BCS is a registered charity: No 292786
29 - 30 October 2009, London, UK
The next generation of interactive technologies will be dominated by touch, gesture and other forms of movement. Collectively we refer to these as expressive interactions.
Tracking technologies are increasingly able to locate and follow people as they move through, or gesture in 3D space. Multi-touch surfaces and proximity sensing are set to be commonplace in business and leisure environments. New forms of 2D gestural interactions are emerging in different cultural settings. The next generation pico projectors promise to turn any surface into a re-configurable interactive device. Mobile devices enable expressive interactions with public displays changing the language and nature of interaction, particularly outside Europe and the USA.

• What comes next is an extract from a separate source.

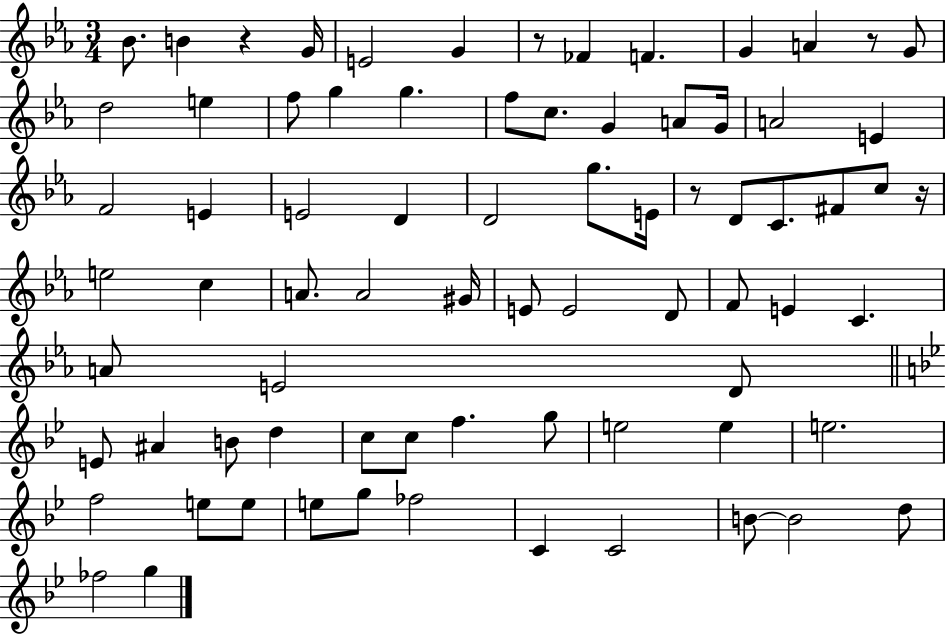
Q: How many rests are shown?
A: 5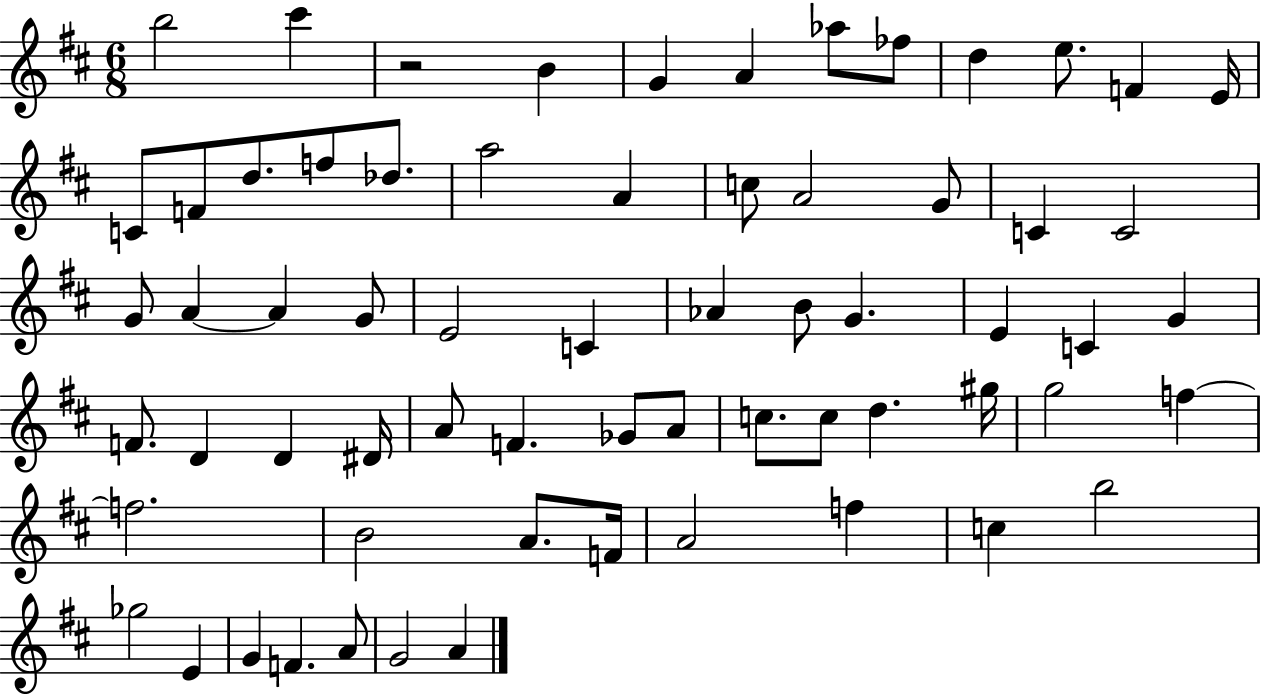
B5/h C#6/q R/h B4/q G4/q A4/q Ab5/e FES5/e D5/q E5/e. F4/q E4/s C4/e F4/e D5/e. F5/e Db5/e. A5/h A4/q C5/e A4/h G4/e C4/q C4/h G4/e A4/q A4/q G4/e E4/h C4/q Ab4/q B4/e G4/q. E4/q C4/q G4/q F4/e. D4/q D4/q D#4/s A4/e F4/q. Gb4/e A4/e C5/e. C5/e D5/q. G#5/s G5/h F5/q F5/h. B4/h A4/e. F4/s A4/h F5/q C5/q B5/h Gb5/h E4/q G4/q F4/q. A4/e G4/h A4/q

The opportunities presented by these developments go far beyond iPhone apps, Wii games and photo applications on multi-touch tables. Large numbers of people who have previously been excluded from the digital economy have the potential to be empowered. The tyranny of the western keyboard and rectangular screen can be replaced by new forms of interaction that are much more intuitive and expressive. This in turn will democratize access to a wide range of new services, cutting across language, literacy and other barriers.
The technology drivers for this change come at an opportune moment for the world as it grapples with the sustainability agenda and enabling inclusivity. Interaction design must address the social, cultural, economic and environmental impact that it is having and develop methods to ensure sustainable designs. Technologies providing ubiquitous mobile access and intuitive interactions can be harnessed to enable a more inclusive approach, empowering people who are economically, educationally or physically challenged. Thus the digital economy can be opened up to a wider world.